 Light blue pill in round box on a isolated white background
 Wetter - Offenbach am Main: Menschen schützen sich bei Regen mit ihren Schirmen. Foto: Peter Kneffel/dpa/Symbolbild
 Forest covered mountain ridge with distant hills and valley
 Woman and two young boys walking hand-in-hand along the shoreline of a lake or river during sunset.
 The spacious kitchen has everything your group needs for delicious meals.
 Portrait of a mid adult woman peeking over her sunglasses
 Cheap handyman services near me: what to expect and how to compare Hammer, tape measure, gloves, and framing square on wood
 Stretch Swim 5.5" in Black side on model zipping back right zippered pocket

(Action item)
The expected output is the lines from the one with "Cheap handyman services" through the end of the data, exactly as written and nothing more.

(Worked solution)
 Cheap handyman services near me: what to expect and how to compare Hammer, tape measure, gloves, and framing square on wood
 Stretch Swim 5.5" in Black side on model zipping back right zippered pocket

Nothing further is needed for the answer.